I was in that trailer at my dealer this week.....I was fine up to the rise at the bed, and I am 6' 1".

Steve


----------



## PDX_Doug

That really IS a nice trailer.

And a solid door to that bunk room. I really like that!!!








John, are you ordering the Havana interior?

Happy Trails,
Doug


----------



## GoVols

Visited the Chevy site and jotted down some numbers. You Duramax 2500 owners should have no problems with the new fiver!

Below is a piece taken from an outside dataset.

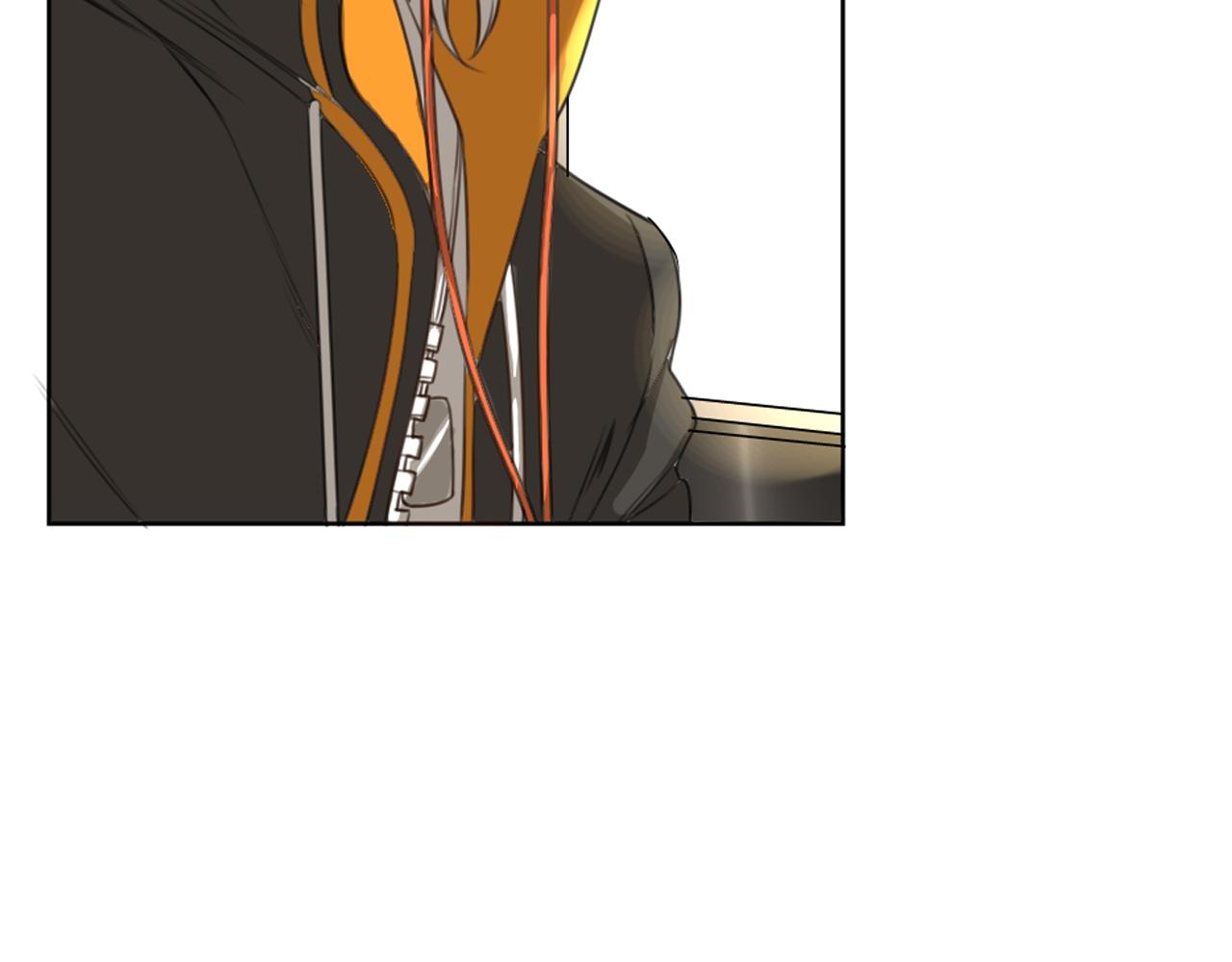 第19话 丰雨村(1/2)-第23话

Based on Keystone's numbers, GVWR on the trailer is 12,930; max for the 2500 4x4 is 14,200 and 15,400 for the 2WD. Using a 6,000 lb. curb weight, the GCWR would come in at 18,930, or 86% of the max of 22,000. 3500 owners have even more room, obviously.


----------



## tdvffjohn

Yea, yea, yea..........Thanks


----------



## GoVols

tdvffjohn said:


> Yea, yea, yea..........Thanks
> 
> 
> 
> 
> 
> 
> 
> 
> [snapback]119540[/snapback]​


I just figured it was a no-brainer for any self-respecting quad bunk owner with a 3500. It was the 2500HD fence-sitters that needed the extra reassurance!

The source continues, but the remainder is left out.